DNS Load Balancing in Communications Server ‘14’

There are many features to be excited about in the upcoming release of Communications Server ‘14’ but now that the NDA is lifted on discussing features I thought I’d start with one that’s near and dear to my heart – DNS load balancing.  I had the “pleasure” of doing some very large deployments with OCS 2007 R1 and R2, by which I mean greater than 150K users, and DNS load balancing was always an issue.  Specifically it caused architectural issues with the Director role, requiring companies to use GSLB for true redundancy.  (If you’re not familiar with the Director, check out my previous post on the topic, where I discussed some of these issues.)

Keith Hanna beat me to the punch and has written as article going through the DNS Load Balancing details which can be found here.  The short version is that multiple IPs are associated with a pool which Communicator caches and connects to at random.  In the event of a failure it will select another IP.

On a related note, the Director will be a proper role in Communications Server ‘14’ as opposed to how it worked in OCS 2007/R2.  One of the key advantages to this is that you will be able to use load balancing without requiring a SQL server installation to support the Director.  Instead it will use a local SQL Express instance for its database needs.

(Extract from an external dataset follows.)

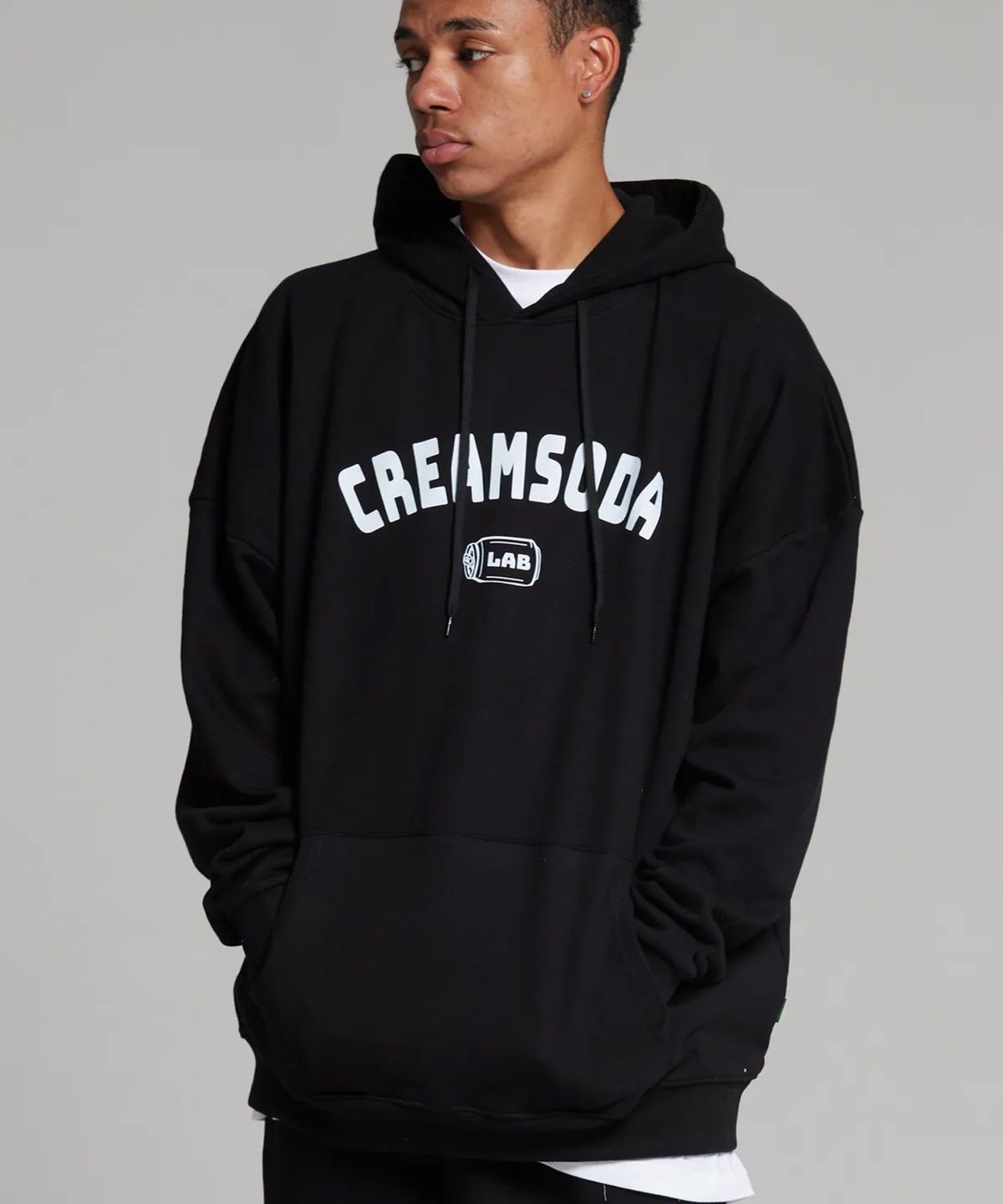 크림소다랩(CREAM SODA LAB) 오지 아크로고 후드 블랙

The OCS Director - reasons, benefits and dependencies

I field a fair amount of questions from my customers and users on the Technet forums about the Director role - why is it needed, how does it play into a global architecture, etc.  I thought I'd address a few of these topics for other folks with the same questions.

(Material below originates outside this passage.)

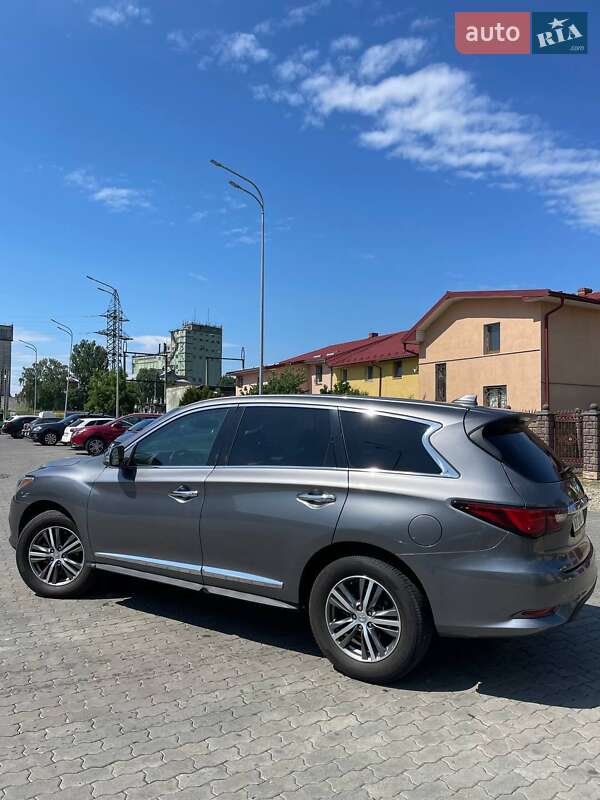 Внедорожник / Кроссовер Infiniti QX60 2019 в Стрые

The first thing to know about the Director role is that it's built into OCS Standard and Enterprise - it is not a separate installation like an Edge or Mediation server.  Every Standard server and Enterprise pool acts as a Director by default.  So why do we need to dedicate one or more servers to this role?  First let's review the purpose of a Director.

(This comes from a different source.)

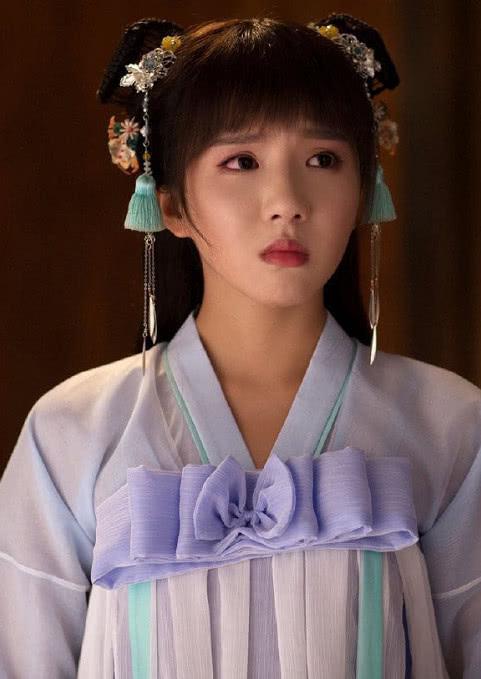 古装双丸子头的女星杨紫乖巧苏晓彤少女看到赵丽颖心化了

If you've ever configured an Edge server you noticed that it needs to know it's next hop.  The Edge server is pretty intelligent when it comes to blocking traffic that is not permitted and taking care of other OCS security functions, but by design it does not have knowledge of where users are homed and how to authenticate them (which is why it can and should be deployed without being a member of Active Directory).  The Edge relies on the next hop server to handle these items.  Once it confirms that a set of communication should be passed to the inside, the next hop server can do a few things.  Two major steps take place when a user logs on to Communicator:

1) Match the SIP address to a user account in AD and perform authentication

2) After authentication succeeds, route the traffic to the pool specified in the user's AD properties

These steps are basically the same whether the user connects via the Edge (remote access) or from the internal network, though the benefits are slightly different.  In both cases the Director provides the benefit of offloading authentication from the pool.  This is most helpful if you are pushing the limits on capacity.  In an Edge scenario you have the added benefit of an extra security boundary.  In the event that an attacker is able to pass through an Edge server or initiate a successful DoS attack, your internal pool environment would not be impacted.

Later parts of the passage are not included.